[Records from a data collection]
***

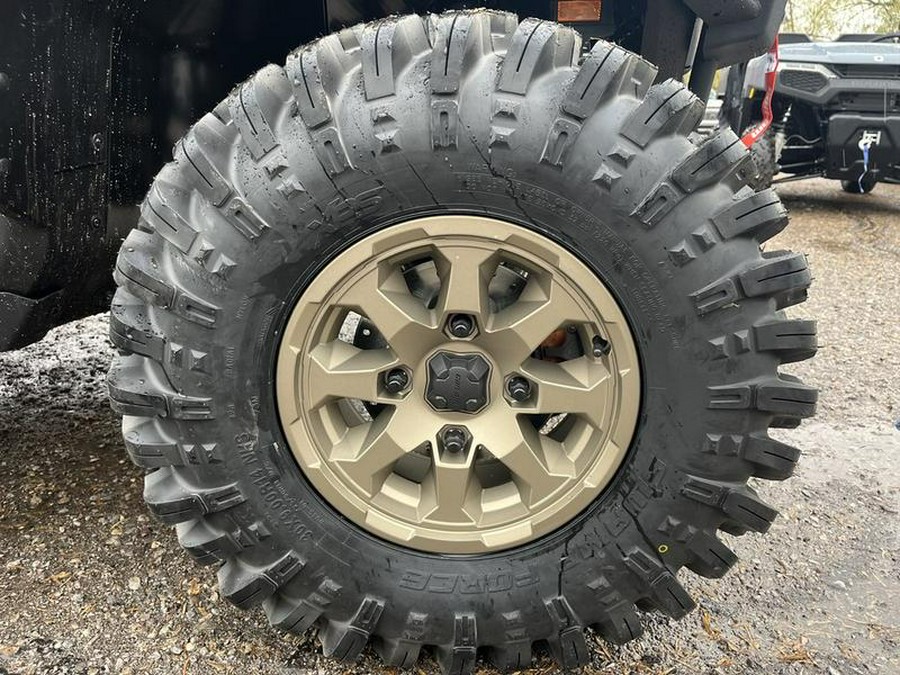 2026 Can-Am® Defender MAX X mr HD11 with half-doors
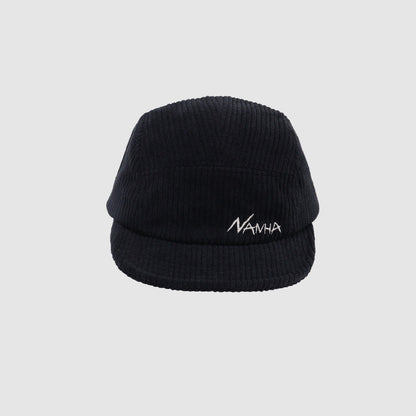 Mountain-Style Utility Corduroy 5-Panel-Cap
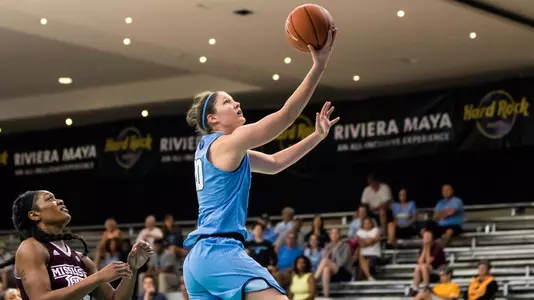 Camille Zimmerman Cancun 2017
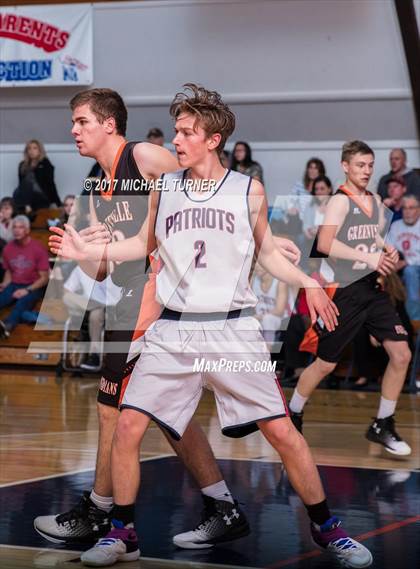 Thumbnail 3 in Liberty Christian vs. Greenville photogallery.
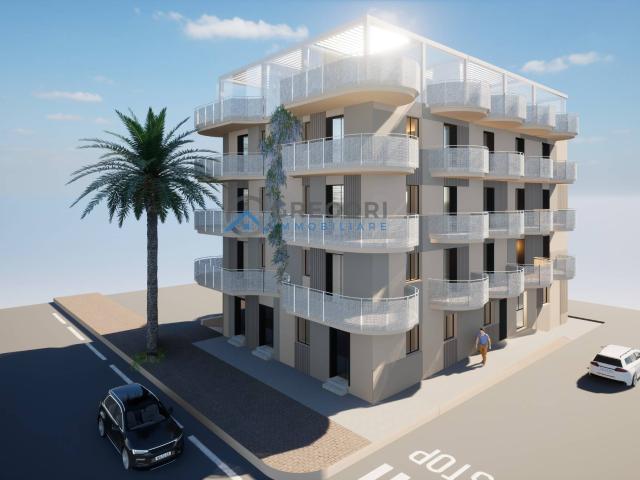 Appartamento in vendita a Martinsicuro, Zona Mare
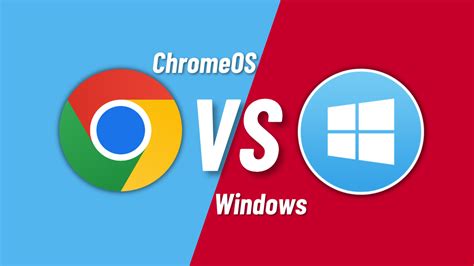 chrome os  windows  ultimate comparison fossbytes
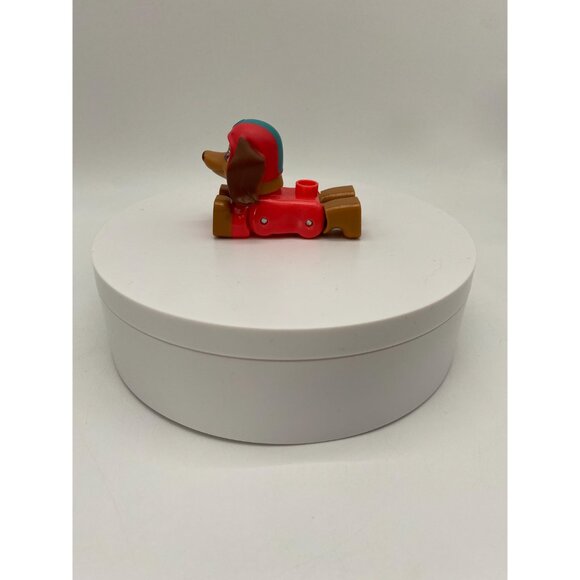 Megablocks Paw Patrol Liberty Posable Figurine: Buildable Character Toy for Kids - Picture 7 of 8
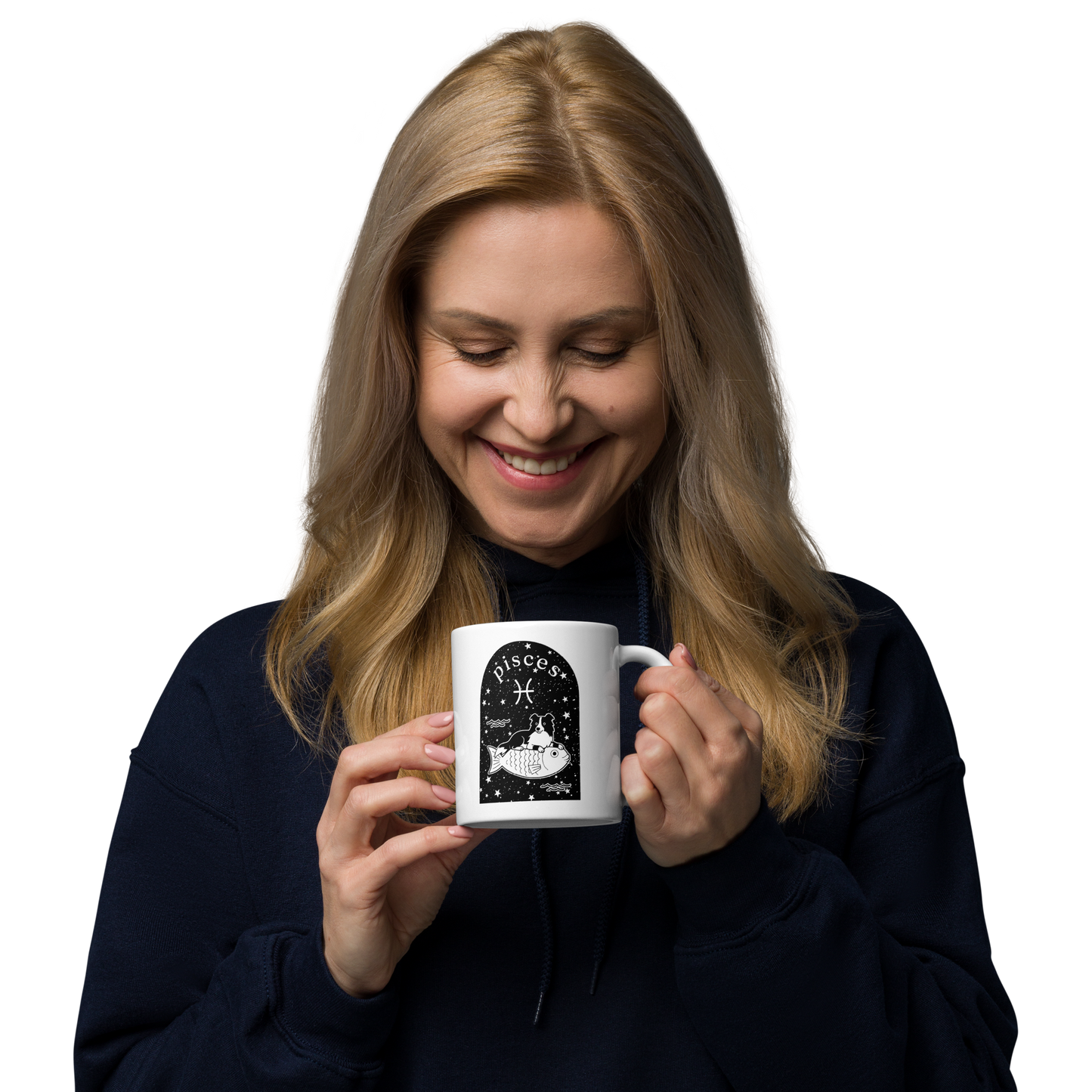 Pisces Mug — Oliver’s Star Guide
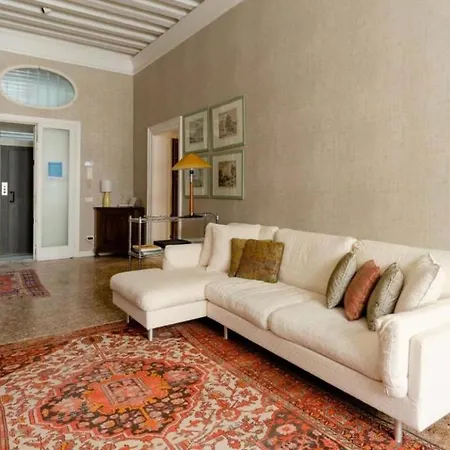 San Samuele Апартаменты Венеция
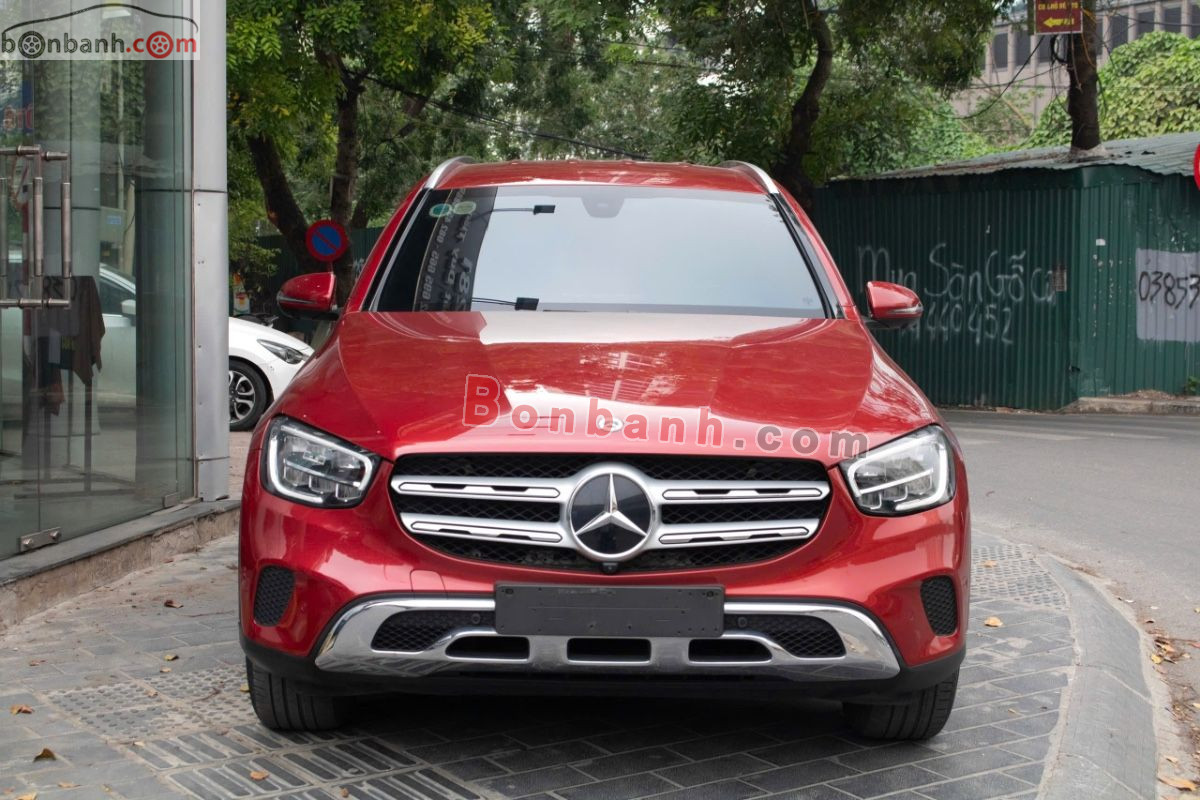 Mercedes Benz GLC 200 4Matic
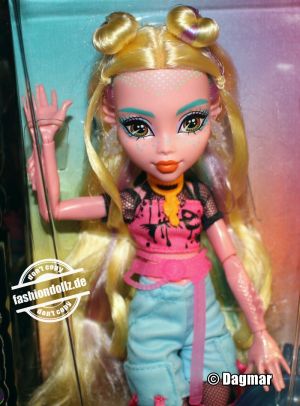 2024 Monster High - Generation 3 Lagoona Blue #  HXH75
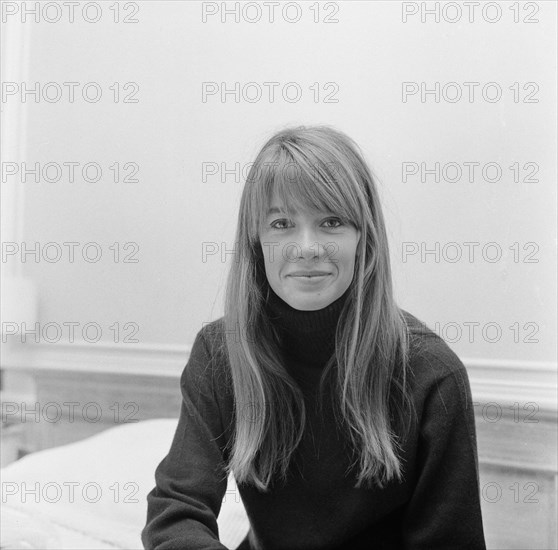 Francoise Hardy (1966)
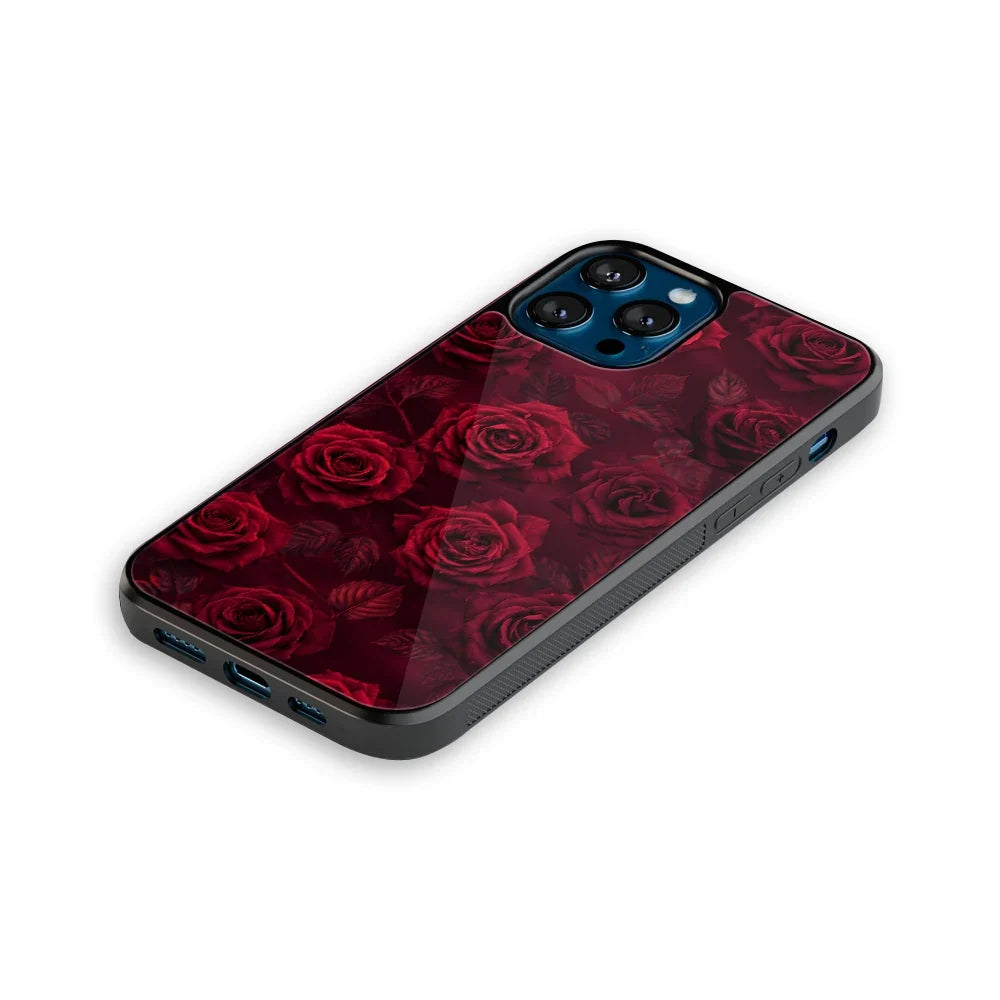 Roselust Phone Cover | Glass Case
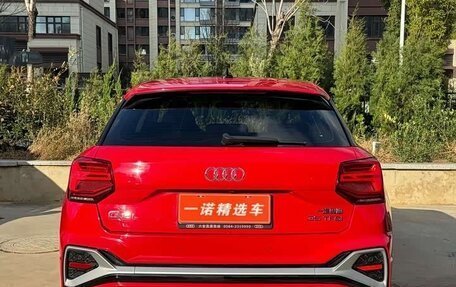 Audi Q2 I, 2022 год, 2 155 000 рублей, 4 фотография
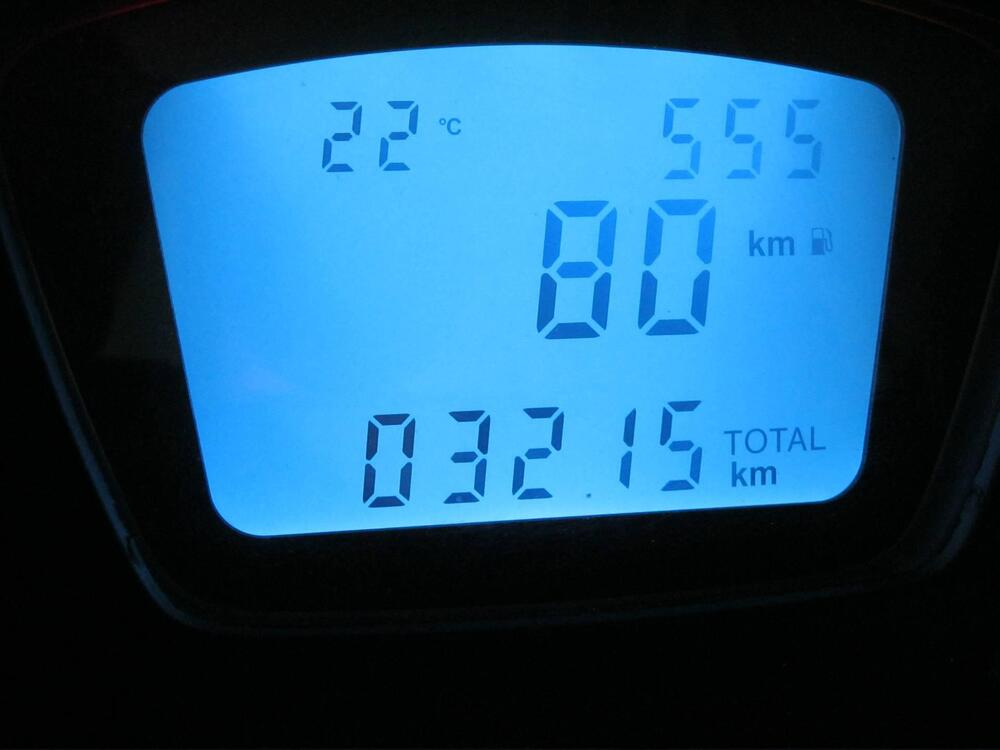 Piaggio Mp3 500 ABS Hpe Sport Advanced (2021 - 23) (3)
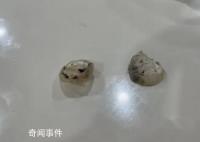 异物是鸭眼巩膜?记者解剖多个鸭头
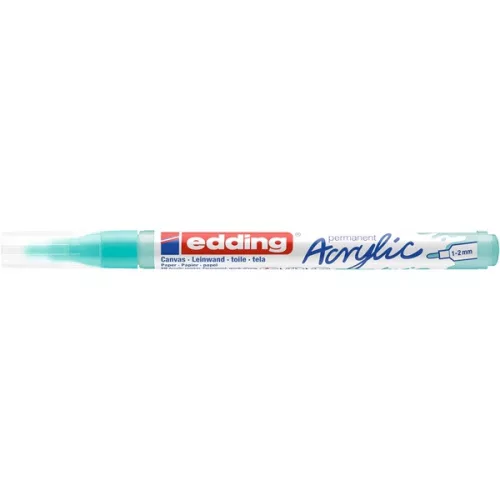 Edding 5300 F tirkizna (934) D10 akrilni marker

***

- _About this exercise_
Only the lines from the one containing "Pisces Mug — Oliver’s Star Guide" through the final line of the records should be retyped, exactly, with every picture omitted.

- _Reply to the task_
 Pisces Mug — Oliver’s Star Guide
 San Samuele Апартаменты Венеция
 Mercedes Benz GLC 200 4Matic
 2024 Monster High - Generation 3 Lagoona Blue #  HXH75
 Francoise Hardy (1966)
 Roselust Phone Cover | Glass Case
 Audi Q2 I, 2022 год, 2 155 000 рублей, 4 фотография
 Piaggio Mp3 500 ABS Hpe Sport Advanced (2021 - 23) (3)
 异物是鸭眼巩膜?记者解剖多个鸭头
 Edding 5300 F tirkizna (934) D10 akrilni marker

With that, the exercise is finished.